* Dataset entries *
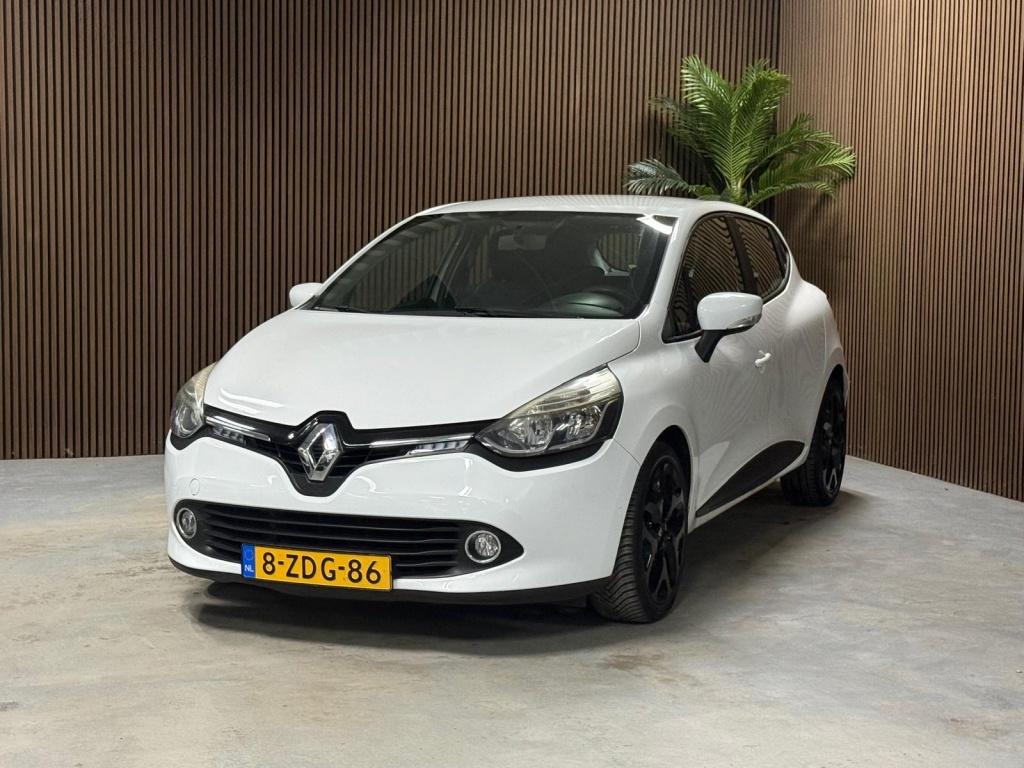 Renault Clio 0.9 TCe Expression (bj 2015), Auto's, Renault, 540 kg, Wit, Origineel Nederlands, Handgeschakeld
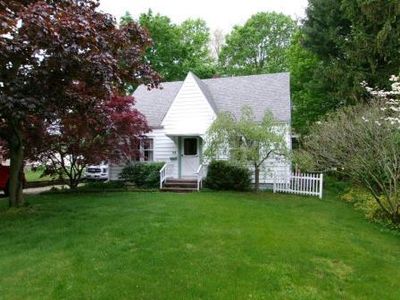 98 Reading Ave, Hillsdale, MI, 49242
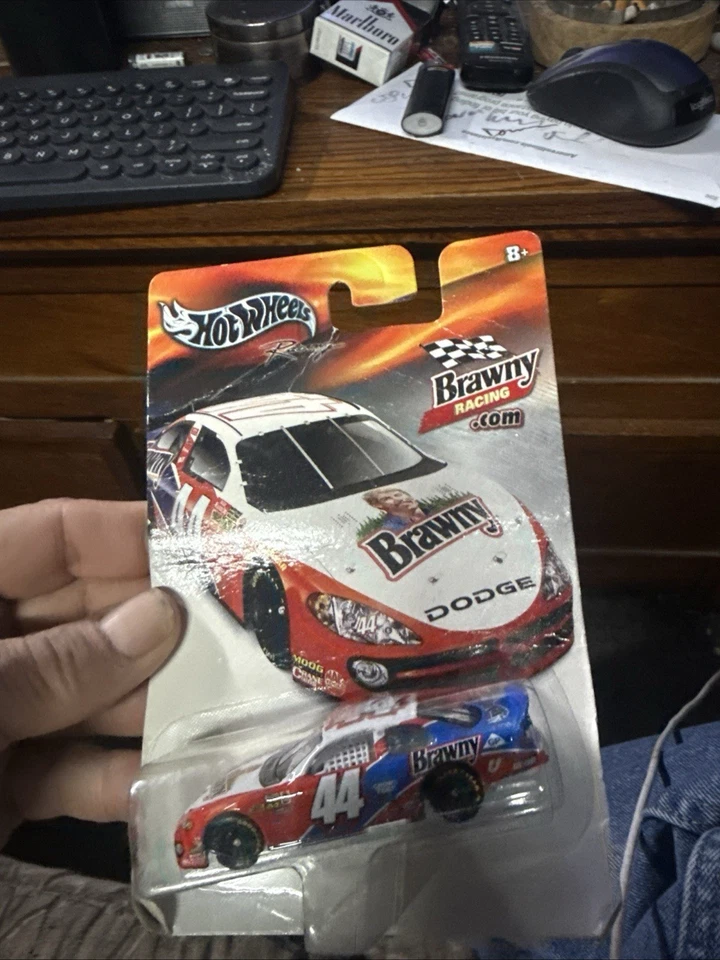 Coche coleccionable Hot Wheels Brawny Racing Kyle Petty #44 Die Cast 1/64 2002 Foto 4 de 4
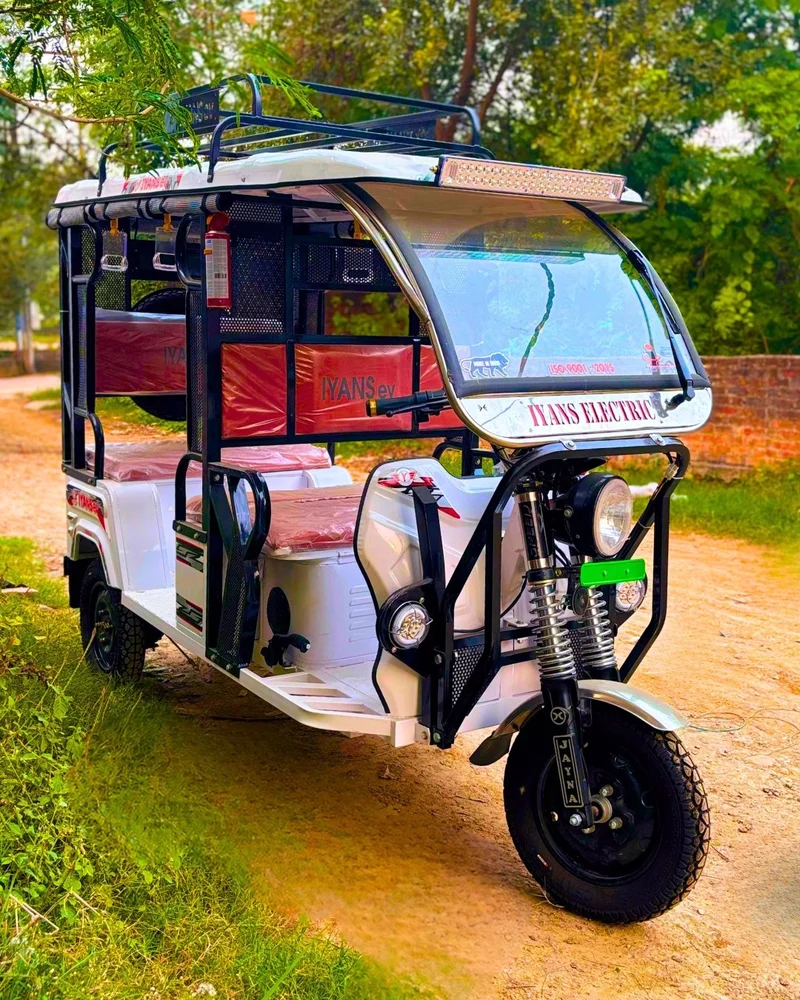 Passenger E Rickshaw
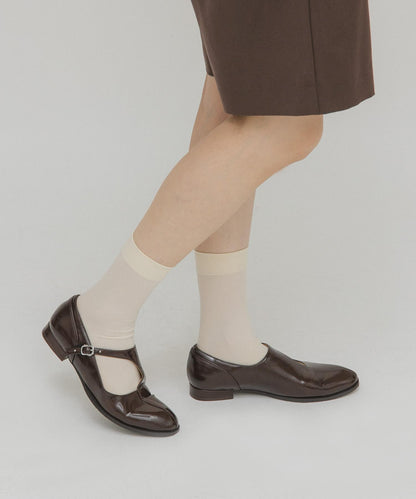 不對稱瑪麗珍樂福鞋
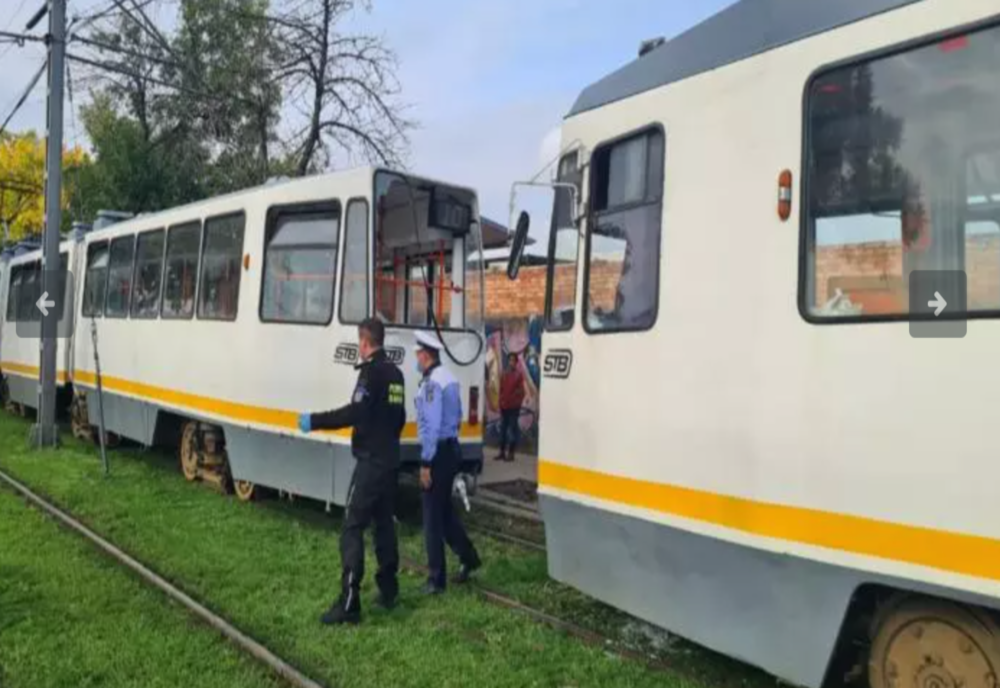 Două tramvaie s-au ciocnit pe șoseaua Progresului. Patru persoane au fost rănite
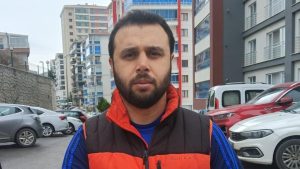 Ankara’da sahipsiz köpekten kaçarken düştü, bileği kırıldı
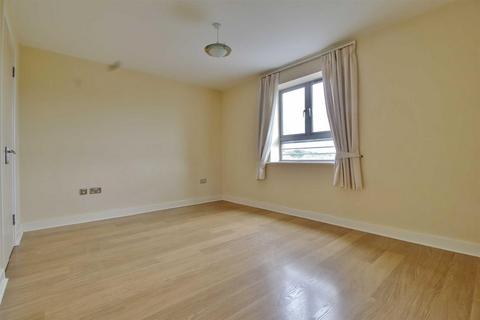 1 bedroom apartment to rent, South Point, 17 Severn Road, Gloucester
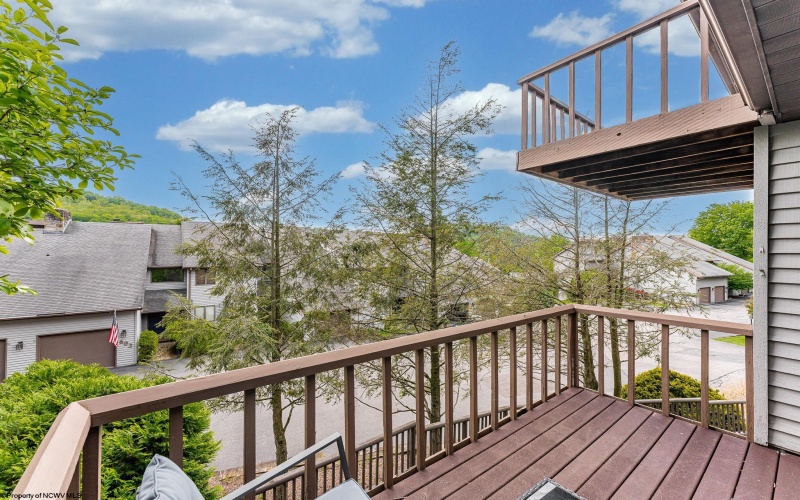 405 Lakeview Estates, Morgantown, West Virginia 26508, 2 Bedrooms Bedrooms, 7 Rooms Rooms,3 BathroomsBathrooms,Single Family Attached,For Sale,Lakeview,10159614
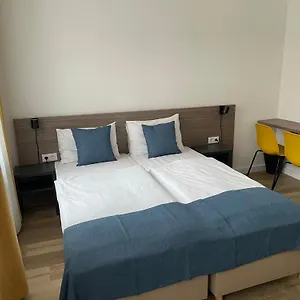 Res Budapeszt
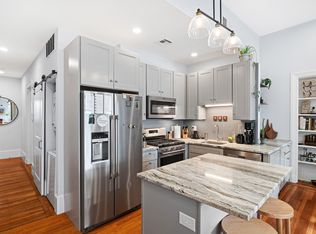 1809 Pine St APT 3F, Philadelphia, PA 19103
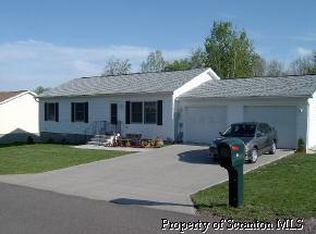 35 Washington Park Dr, Tunkhannock, PA 18657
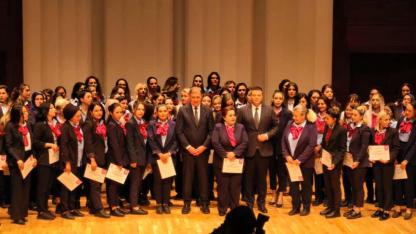 İzmir'in yeni kadın ESHOT şoförleri yola çıkmaya hazır!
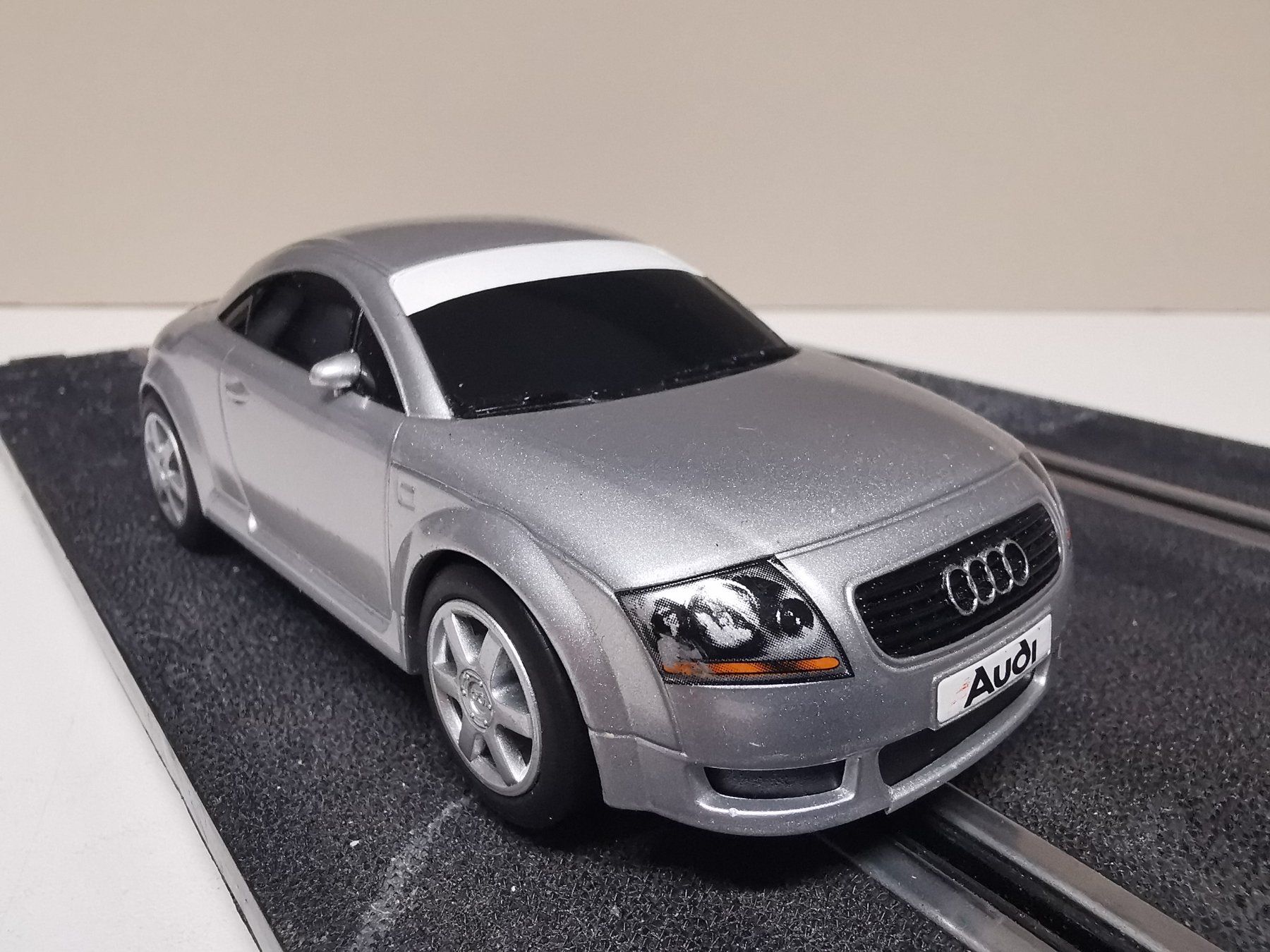 Piste: Scalextric Audi TT    1/32 – Usato da Winterthur venduto da Lonpos1 1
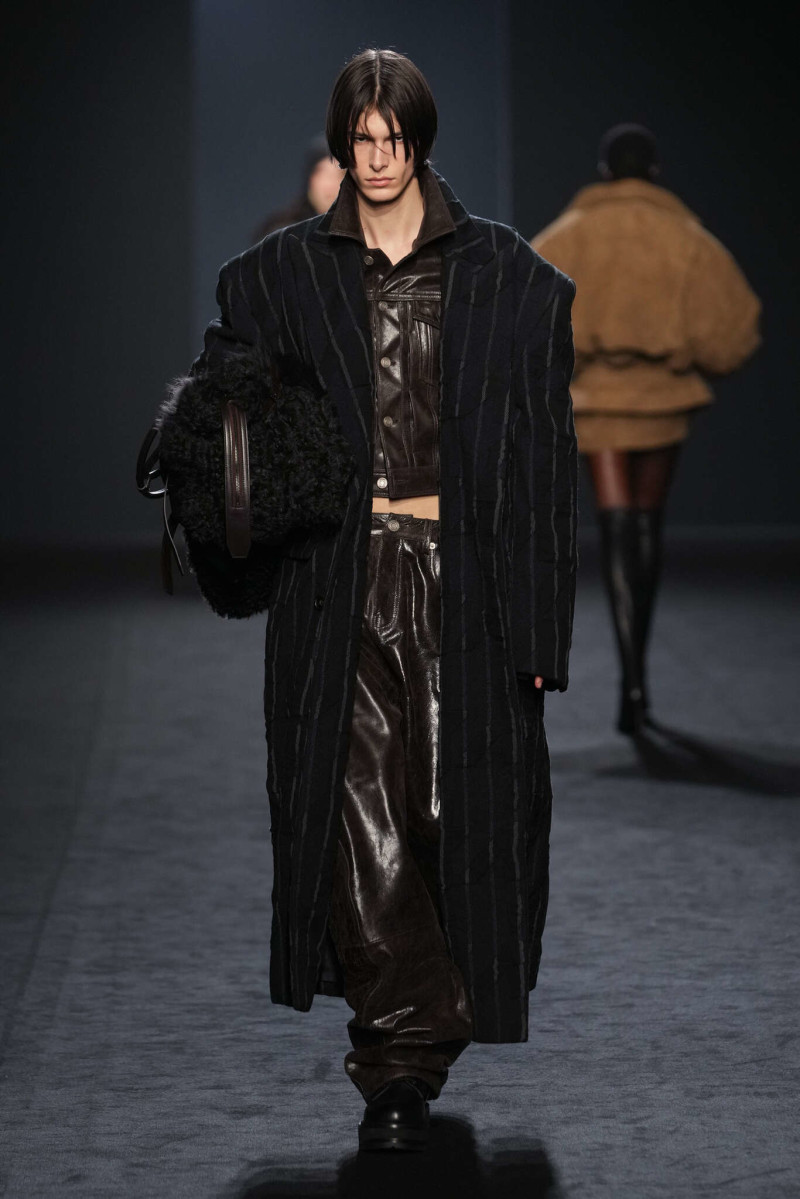 Juun J fashion show for Autumn/Winter 2025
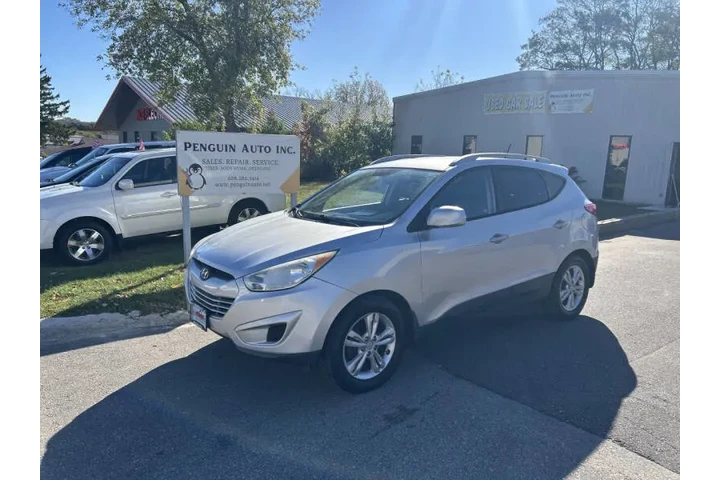 $5900 : 2011 Tucson GLS image 1
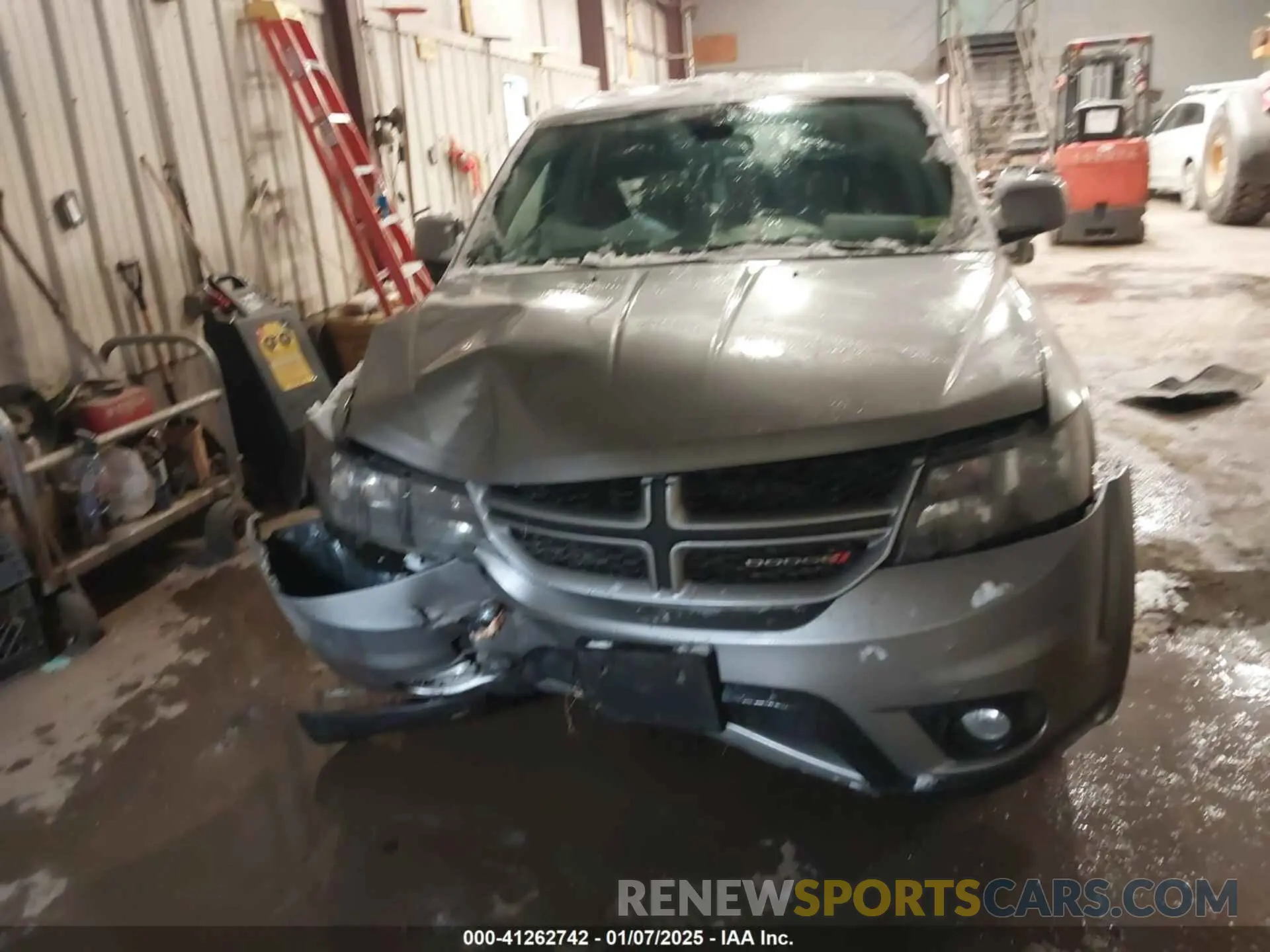 12 Photograph of a damaged car 3C4PDDEG9KT769926 DODGE JOURNEY 2019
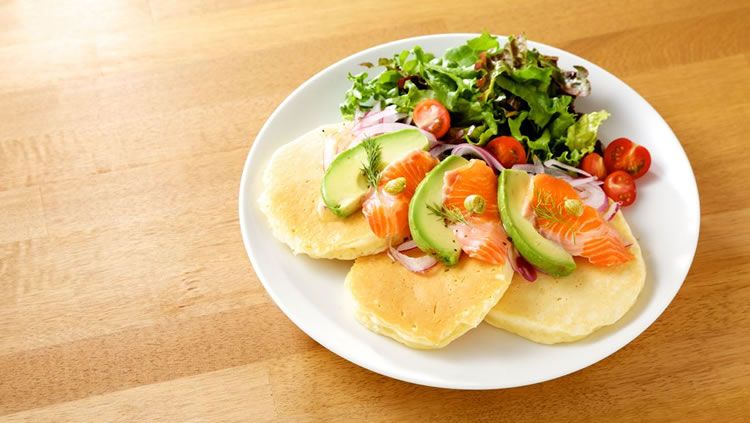 【Lunch time】Salmon and Avocado Pancakes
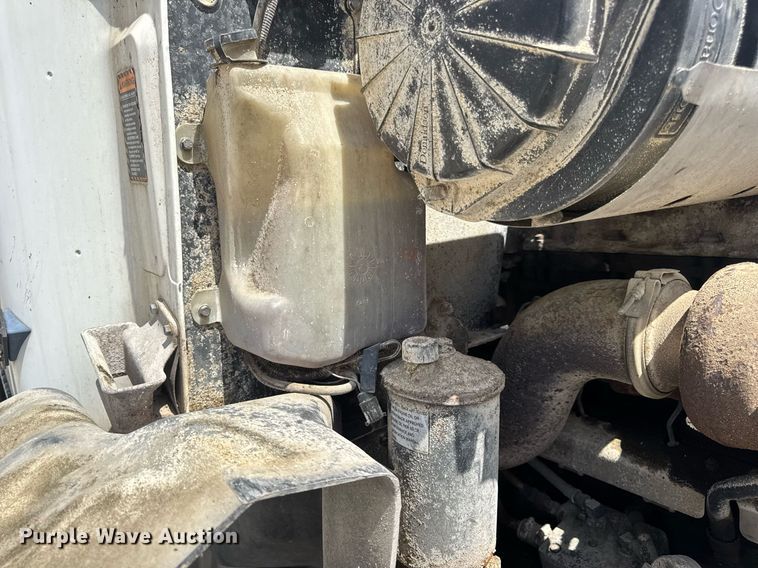 image for item DV4019 2002 Mack CX613 fertilizer delivery truck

* Assignment *
Please copy the lines above exactly, starting at the line that holds "Passenger E Rickshaw" and ending at the line that holds "1 bedroom apartment"; include both, but no pictures.

* Written solution *
 Passenger E Rickshaw
 不對稱瑪麗珍樂福鞋
 Două tramvaie s-au ciocnit pe șoseaua Progresului. Patru persoane au fost rănite
 Ankara’da sahipsiz köpekten kaçarken düştü, bileği kırıldı
 1 bedroom apartment to rent, South Point, 17 Severn Road, Gloucester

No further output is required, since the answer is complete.